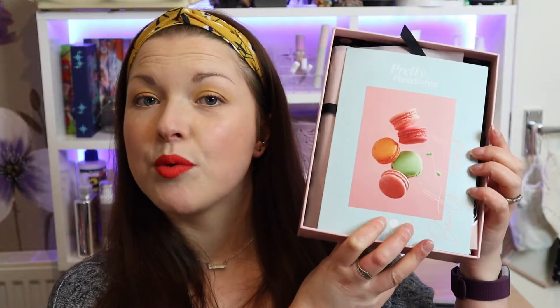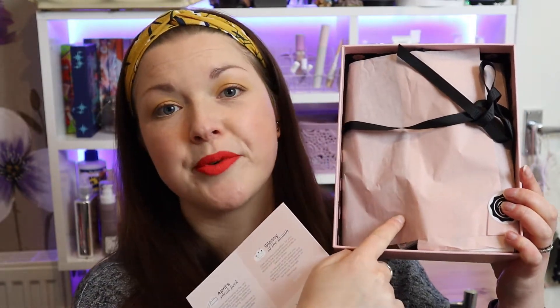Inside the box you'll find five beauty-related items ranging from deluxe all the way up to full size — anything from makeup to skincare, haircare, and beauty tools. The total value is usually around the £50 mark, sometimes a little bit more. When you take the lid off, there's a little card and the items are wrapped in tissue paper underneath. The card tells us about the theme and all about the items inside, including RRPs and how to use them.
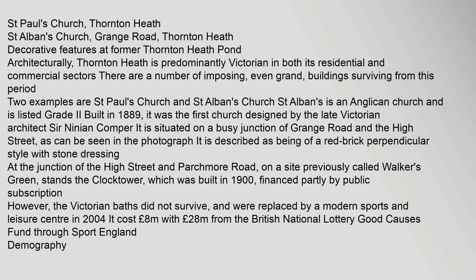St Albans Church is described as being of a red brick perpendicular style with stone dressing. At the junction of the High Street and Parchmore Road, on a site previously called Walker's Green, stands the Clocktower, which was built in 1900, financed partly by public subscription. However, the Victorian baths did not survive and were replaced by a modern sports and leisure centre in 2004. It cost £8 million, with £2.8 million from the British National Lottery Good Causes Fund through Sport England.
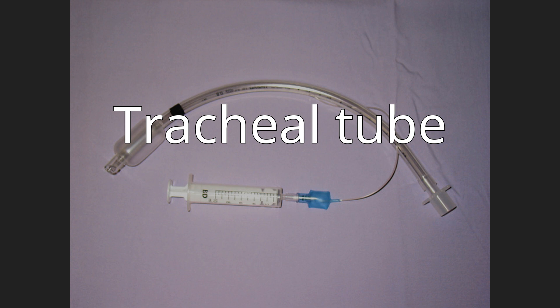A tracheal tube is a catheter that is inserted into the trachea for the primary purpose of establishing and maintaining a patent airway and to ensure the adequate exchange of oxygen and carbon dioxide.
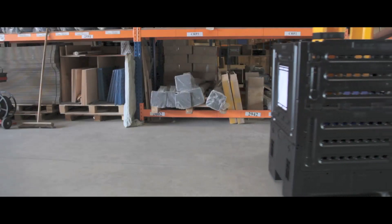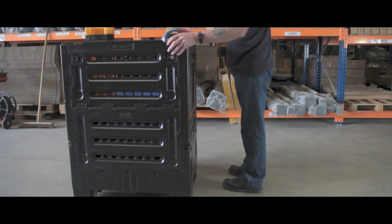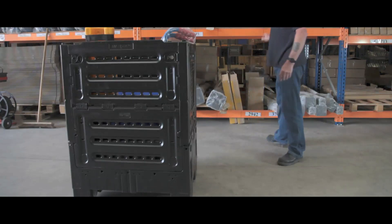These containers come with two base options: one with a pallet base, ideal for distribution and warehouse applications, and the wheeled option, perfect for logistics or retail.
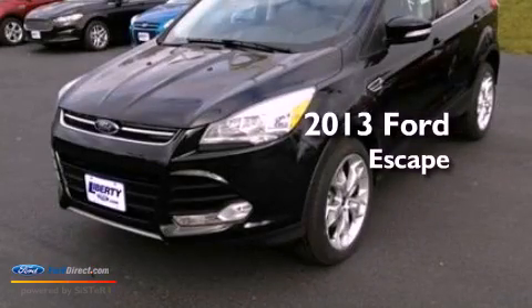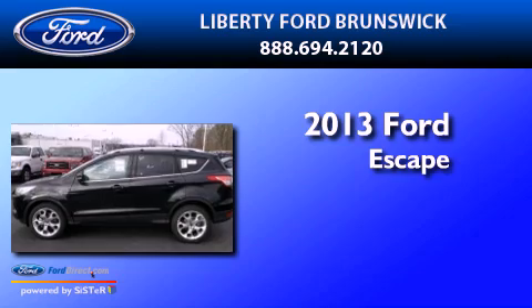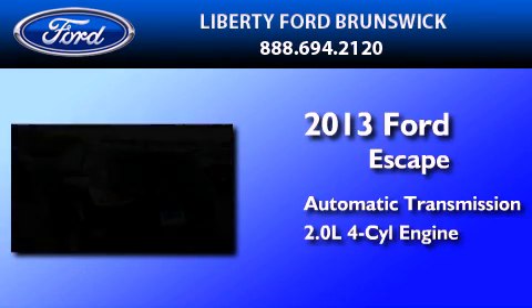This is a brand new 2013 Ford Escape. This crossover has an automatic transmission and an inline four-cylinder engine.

▬▬▬

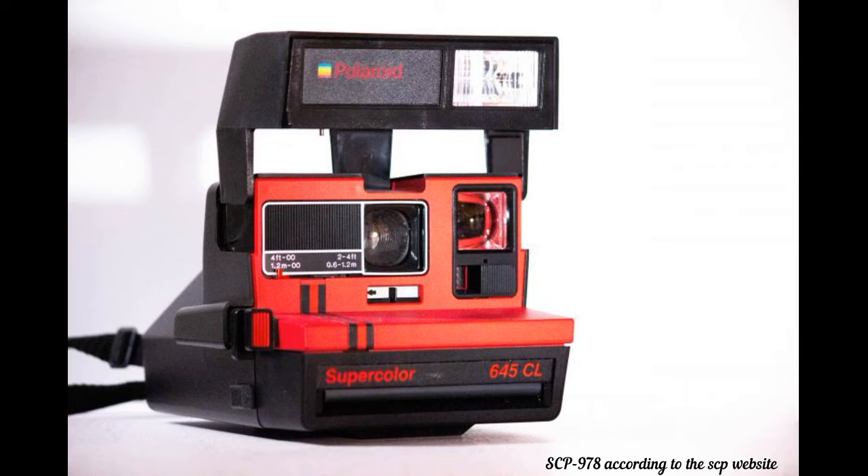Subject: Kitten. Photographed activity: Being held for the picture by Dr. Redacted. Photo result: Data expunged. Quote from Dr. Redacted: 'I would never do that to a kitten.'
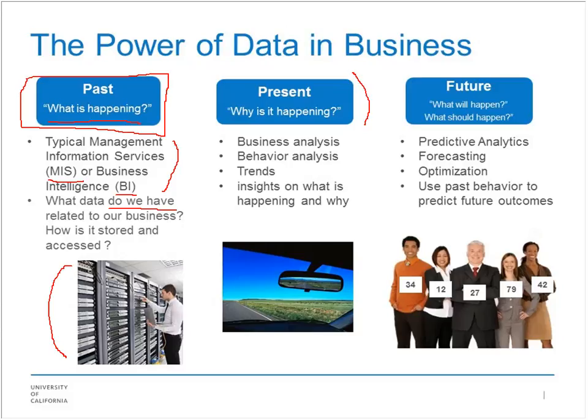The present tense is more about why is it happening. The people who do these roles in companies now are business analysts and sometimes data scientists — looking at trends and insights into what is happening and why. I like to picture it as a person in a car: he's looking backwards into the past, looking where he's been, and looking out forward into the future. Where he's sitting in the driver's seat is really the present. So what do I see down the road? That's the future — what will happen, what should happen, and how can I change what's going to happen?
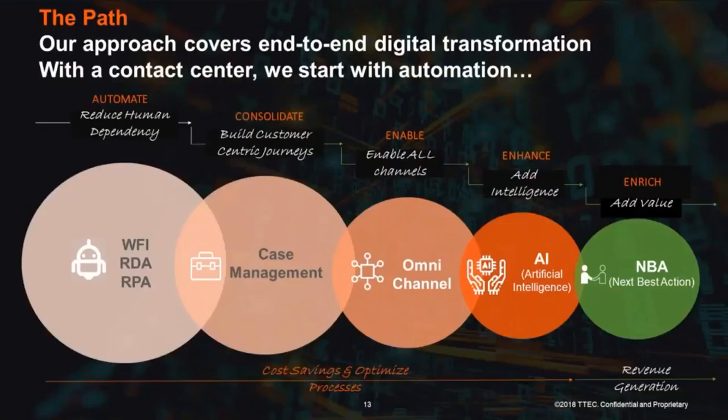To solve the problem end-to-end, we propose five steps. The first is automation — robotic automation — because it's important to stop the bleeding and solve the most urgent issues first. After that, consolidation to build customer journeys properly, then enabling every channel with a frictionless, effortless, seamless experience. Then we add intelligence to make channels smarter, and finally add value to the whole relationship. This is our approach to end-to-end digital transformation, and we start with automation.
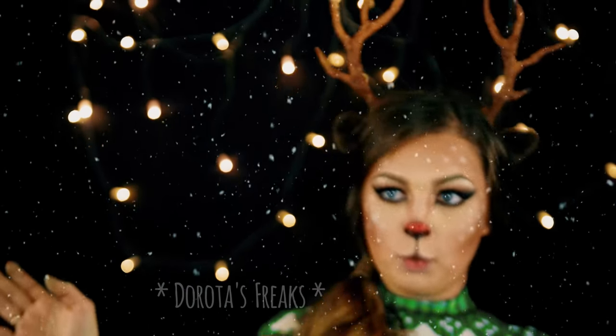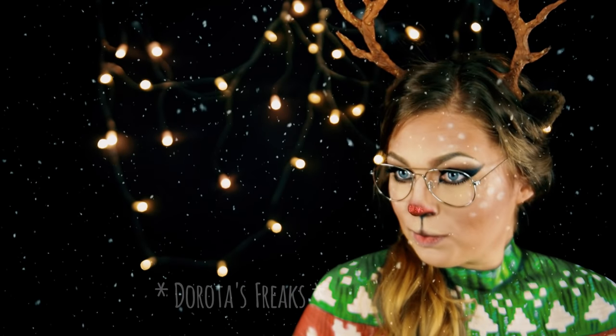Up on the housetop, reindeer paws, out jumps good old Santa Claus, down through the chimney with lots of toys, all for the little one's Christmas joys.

▬▬▬

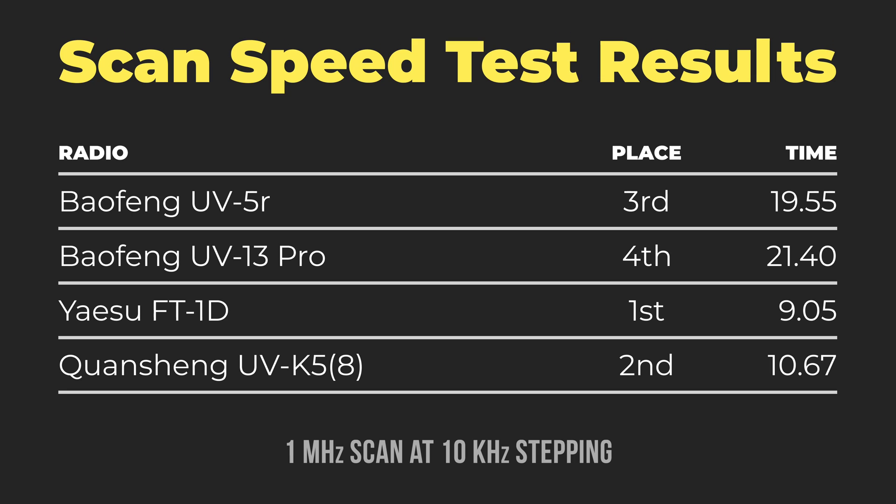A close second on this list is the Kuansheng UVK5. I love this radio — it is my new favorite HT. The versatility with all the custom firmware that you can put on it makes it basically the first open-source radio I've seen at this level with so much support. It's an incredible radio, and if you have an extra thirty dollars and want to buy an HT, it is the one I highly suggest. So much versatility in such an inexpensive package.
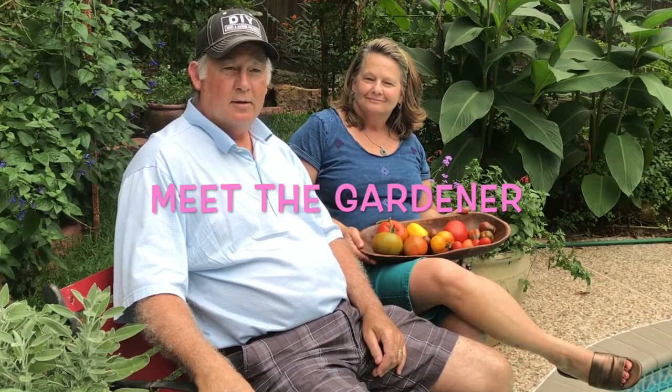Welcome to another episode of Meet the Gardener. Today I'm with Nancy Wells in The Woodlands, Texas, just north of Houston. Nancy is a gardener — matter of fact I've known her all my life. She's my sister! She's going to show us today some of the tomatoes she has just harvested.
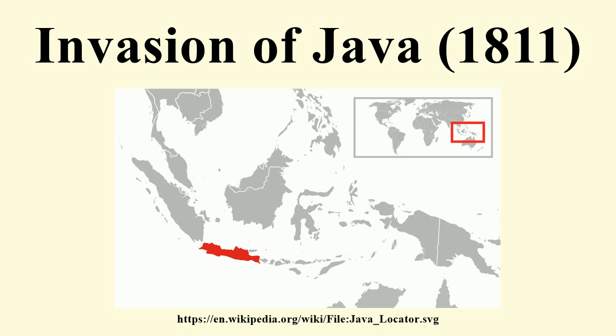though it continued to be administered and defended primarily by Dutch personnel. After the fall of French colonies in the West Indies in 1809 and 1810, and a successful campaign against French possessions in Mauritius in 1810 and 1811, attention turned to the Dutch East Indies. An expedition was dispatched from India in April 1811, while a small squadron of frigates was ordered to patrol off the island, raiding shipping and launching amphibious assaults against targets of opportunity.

▬▬▬

# WHAT YOU NEED TO DO:
The answer is the lines of the material above, from the one containing "Welcome to another" down to the one containing "though it continued", given exactly and without images.

# RESULT OF THIS TASK:
Welcome to another episode of Meet the Gardener. Today I'm with Nancy Wells in The Woodlands, Texas, just north of Houston. Nancy is a gardener — matter of fact I've known her all my life. She's my sister! She's going to show us today some of the tomatoes she has just harvested.
though it continued to be administered and defended primarily by Dutch personnel. After the fall of French colonies in the West Indies in 1809 and 1810, and a successful campaign against French possessions in Mauritius in 1810 and 1811, attention turned to the Dutch East Indies. An expedition was dispatched from India in April 1811, while a small squadron of frigates was ordered to patrol off the island, raiding shipping and launching amphibious assaults against targets of opportunity.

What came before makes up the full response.